WORK ITEM: A faithful copy of the listing below is needed, with its pictures left out.

RECORDED DATA:
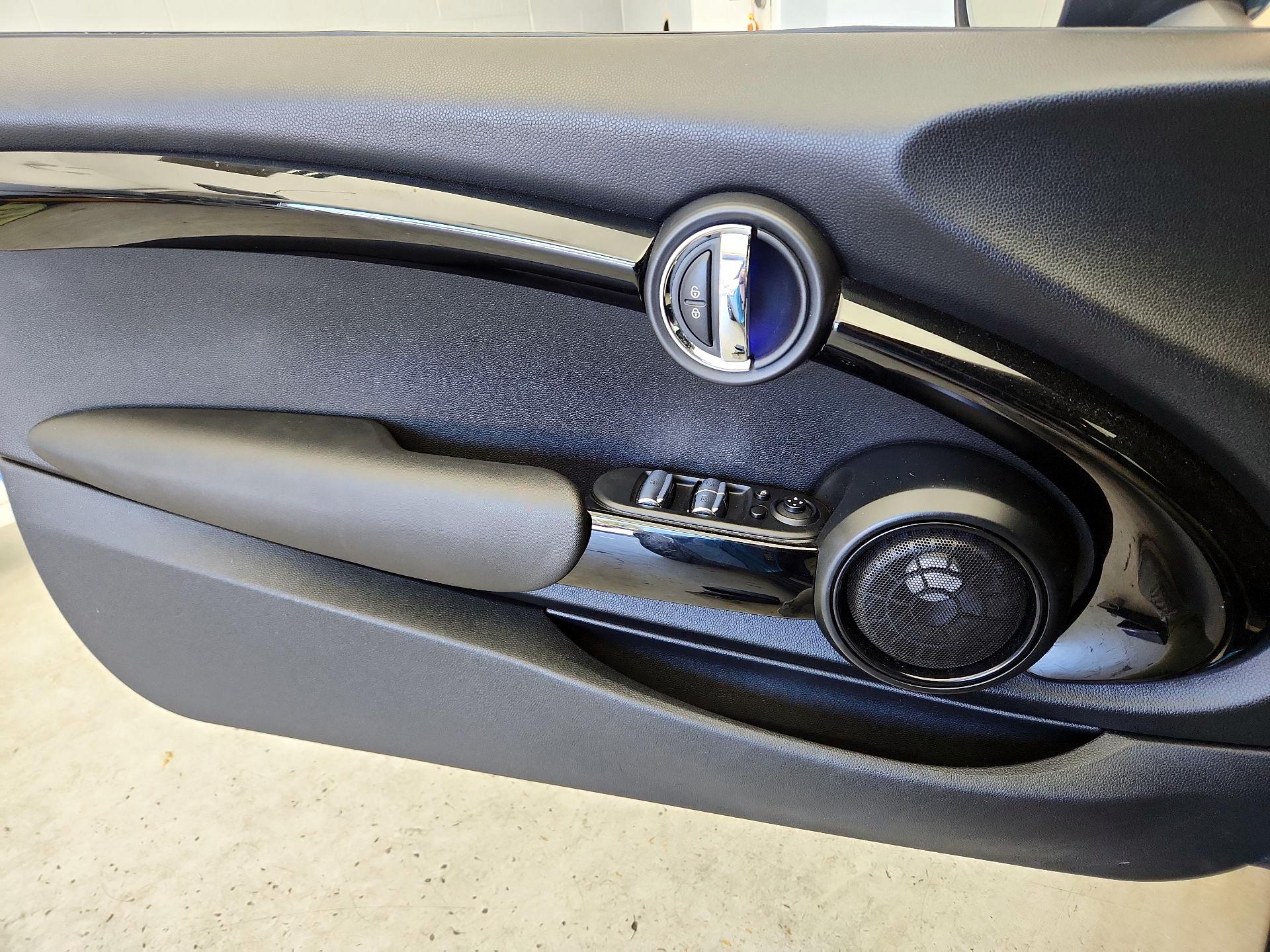 Thumbnail: 2017 MINI Cooper - 12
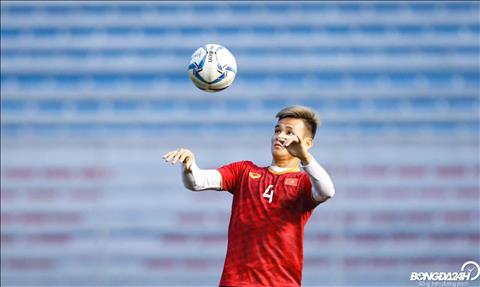 Tấn Tài buồn vì không được đá trận ra quân cùng U23 Việt Nam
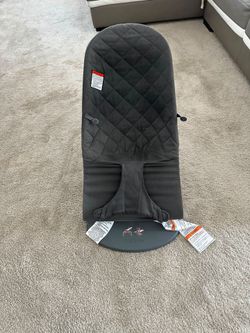 BabyBjörn Bouncer Bliss – Dark Gray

SOLUTION TO THE PROBLEM:
 Thumbnail: 2017 MINI Cooper - 12
 Tấn Tài buồn vì không được đá trận ra quân cùng U23 Việt Nam
 BabyBjörn Bouncer Bliss – Dark Gray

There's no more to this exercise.